Das Croissant im Exklusiv-Interview
Jetzt rede ich!
von Sebastian BütowSie gelten als französisches Nationalsymbol. Aber stimmt es eigentlich, dass Sie gar kein waschechter Franzose sind? Ihr Name lässt kaum etwas anderes vermuten.
Ich habe meinen Ursprung tatsächlich in Wien. Der Legende nach wurde ich erfunden, als die Stadt von den Osmanen belagert wurde, im Jahr 1683. Als die Bäcker dort mitten in der Nacht arbeiteten und hörten, dass die Belagerer einen unterirdischen Tunnel gruben, informierten sie die eigenen Truppen und zerstörten den Plan der Eindringlinge. Diesen Triumph verewigten die Bäcker, indem sie meine Wenigkeit erfanden: ein halbmondförmiges Hörnchen, das an das Symbol auf der osmanischen Flagge erinnert.
Wow, Sie sind also ein Symbol für ein historisches Ereignis?
Das haben Sie gesagt. Für die einen ist es eine romantische Legende, für die anderen ein Mythos. Mein jetziger Name, der sich von „lune croissante“, dem zunehmenden Mond ableitet, manifestierte sich erst später. Damals in Wien war ich nur ein „Kipferl“!
Bitte erzählen Sie, wie Sie als Croissant zum Weltstar aufstiegen!
Das habe ich keiner Geringeren als Marie Antoinette, der legendären österreichischen Erzherzogin und späteren Königin von Frankreich, zu verdanken. Sie war sehr angetan von mir, und als sie 1770 den Thronerben heiratete, befahl sie ihren Köchen, eine französische Version ihres geliebten Gebäcks zu kreieren. Das war mein Durchbruch.
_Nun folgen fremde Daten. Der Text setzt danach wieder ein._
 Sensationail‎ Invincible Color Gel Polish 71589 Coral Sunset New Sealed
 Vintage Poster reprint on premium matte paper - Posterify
Das heißt, Ihre Rezeptur hat sich dadurch verändert?
In der Tat, die französischen Bäcker fügten mir mehr Butter hinzu. Dadurch bekam ich meine berühmte luftige Textur, für die mich die Menschen heute auf der ganzen Welt verehren.
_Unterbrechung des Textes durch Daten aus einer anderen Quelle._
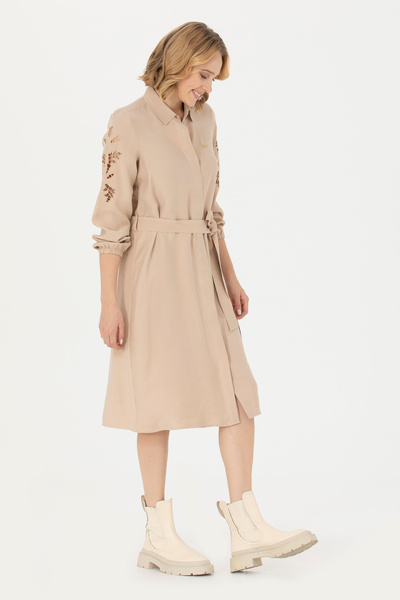 U.S. Polo Assn. Kadın Kum Dokuma Elbise 50271167-VR085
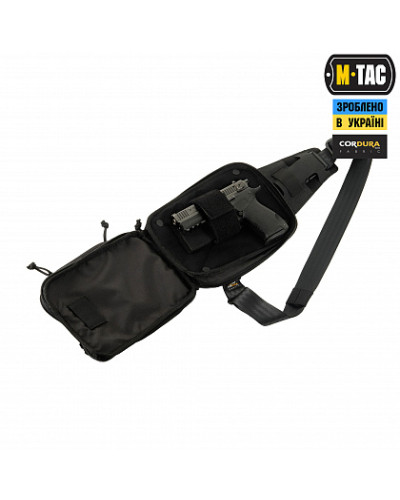 M-Tac сумка Sling Pistol Bag Elite Hex Black (10175002)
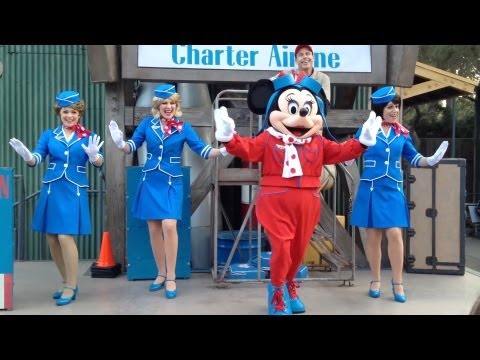 Minnie's Fly Girls Charter Airline show at Disney California Adventure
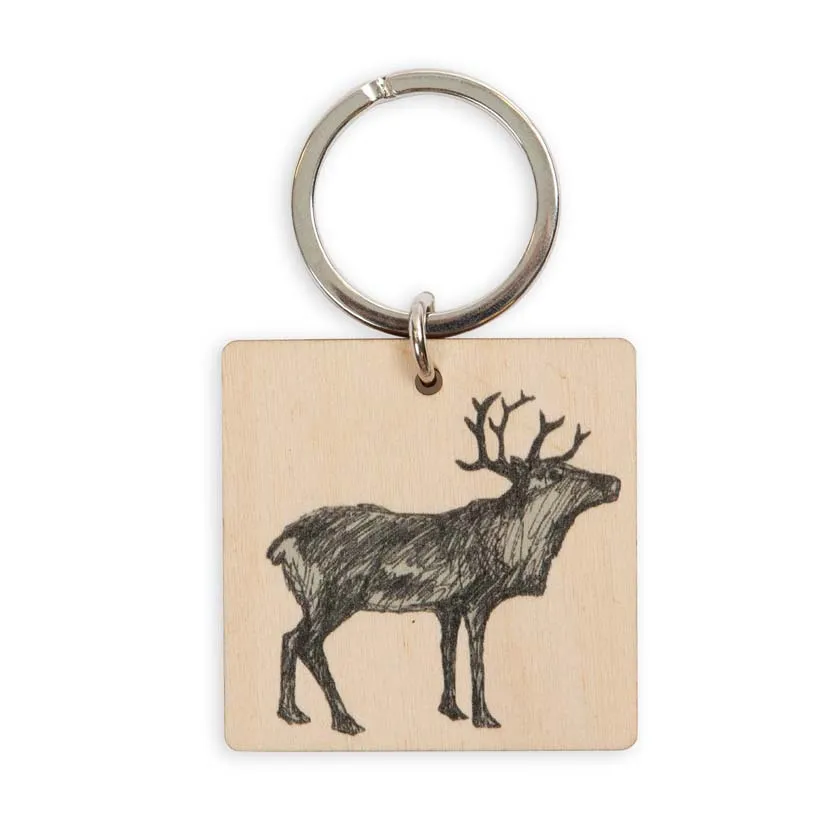 Reindeer keychain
Was ist das Geheimnis eines exzellenten Croissants?
Handwerkliches Können! Bäcker würden sagen, dass die sogenannte laminierte Teigtechnik eine entscheidende Rolle spielt. Diese Methode bedeutet, dass mein Teig wiederholt ausgerollt und gefaltet wird, damit viele dünne Schichten entstehen. Denn das ist entscheidend für meine zarte, blättrige Textur.
Nicht nur Kinder lieben Sie mit Nuss-Nugat-Creme, Marzipan oder klassisch mit Marmelade gefüllt. Welche Variationen gibt es noch?
Als Gebäck-Klassiker von Weltformat bleibe ich von verrückten Kreationen natürlich nicht verschont. Da gibt es zum Beispiel den „Cronut“ – eine Mischung aus Croissant und Donut, bei dem mein Teig rund ausgestochen und frittiert wird. Oder „Cruffins“ – die Leute backen mich mit Muffinförmchen. Ich betrachte diese Abwandlungen als Hommage an mein Lebenswerk. Mein Geschmack ist eine verführerische Melodie aus Hefe und Butter, ich tanze auf der Zunge, wie es außer mir niemand vermag.
Dann dürfte es Sie auch erfreuen, dass in Frankreich regelmäßig Bäcker ausgezeichnet werden, denen das allerbeste Croissant gelingt …
Oh ja! Diesen Status habe ich mir verdient. Ambitionierte Bäckereien aus verschiedenen Regionen kämpfen um den Titel des besten Croissants, herrlich! Zu den bekanntesten Wettbewerben zählt der „Concours du Meilleur Croissant au Beurre AOC Charentes-Poitou“. Nur zertifizierte Butter aus der Region Charentes-Poitou darf für diese prestigeträchtige Auszeichnung verwendet werden. Mir geht das Herz auf, wie durch solche Wettbewerbe die Tradition und die hohe Qualität von feinen Backwaren wie mir gewürdigt werden.
Croissant, wir danken Ihnen für das Gespräch.